Magic Collaboration Studio uses Apache Cassandra, an open-source NoSQL distributed database. Before installing Magic Collaboration Studio , please follow the steps below to install Apache Cassandra.

Prerequisites

Installing with script

The script downloads and installs the necessary packages, Cassandra, and the Cassandra tools from the Apache Software Foundation repository, and creates the necessary firewall rules to allow proper operation both for a single node or a cluster installation. The script will also install the required Java version and set it as the default system Java. 

The script can also be used for offline installation, download the prerequisite RPM packages and place them in the same location as the installation script. Manually install required Java version and set it as the system default Java.

To install Apache Cassandra


  1. Install Apache Cassandra by executing the install_cassandra5x_ol_rhel.sh installation script.

    Example

    sudo ./install_cassandra5x_ol_rhel.sh
    CODE
  2. Start Apache Cassandra by executing the following command:

    sudo systemctl start cassandra
    BASH
  3. Check if Apache Cassandra is running by executing the following command:

    nodetool status
    BASH

    If Apache Cassandra is running, you should receive the output displayed below. If the service is fully operational, the first 2 characters of the last line are "UN", indicating that the node status is Up, and its state is Normal.

    Datacenter: datacenter1
    =======================
    Status=Up/Down
    |/ State=Normal/Leaving/Joining/Moving
    --  Address    Load       Tokens   Owns (effective)  Host ID                               Rack
    UN  127.0.0.1  128.4 KB   256      100.0%            ea3f99eb-c4ad-4d13-95a1-80aec71b750f  rack1
    BASH

    Wait for a few minutes until Cassandra starts for the first time before checking if it is running. If Cassandra has not started yet, you will get the error: "No nodes present in the cluster. Has this node finished starting up?" This means that you need to give Cassandra more time to start.

  4. If Apache Cassandra is not running or if you used installation options other than the one described in this chapter, optionally configure Apache Cassandra.

Developing a backup strategy

Before deploying Magic Collaboration Studio and Apache Cassandra in a production environment, it is imperative to have a fully implemented backup strategy. The Cassandra database stores all project and user data associated with Magic Collaboration Studio . Review the backup and restore data procedure document. Ensure that you test the entire backup and restore process before your deployment goes live to users.

During the backup process, user access to Cassandra should be suspended. Refer to the Cassandra backup documentation for more information. 

Improper backup procedure can lead to total data loss! For example, taking an image snapshot of the storage system while Cassandra is actively accepting read and write requests will result in unrecoverable data.

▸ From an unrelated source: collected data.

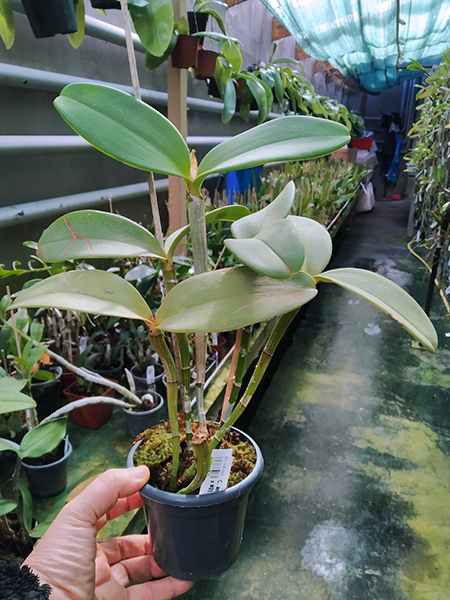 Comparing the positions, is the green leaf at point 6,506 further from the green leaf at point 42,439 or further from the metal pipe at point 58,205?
the metal pipe at point 58,205

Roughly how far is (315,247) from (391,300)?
4.1 inches

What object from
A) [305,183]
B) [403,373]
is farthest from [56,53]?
[403,373]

Configuring Apache Cassandra for Magic Collaboration Studio

If you used other installation options and not the provided script or if Apache Cassandra does not start, configure it as described below.

Before starting, note that you do not need to configure Apache Cassandra if you installed it using the installation script we provided (install_cassandra<version_number>_<os_version>.sh). It should start without any additional configuration.

To configure Apache Cassandra


  1. Locate the cassandra.yaml file (default: /etc/cassandra/conf/cassandra.yaml) and open for editing.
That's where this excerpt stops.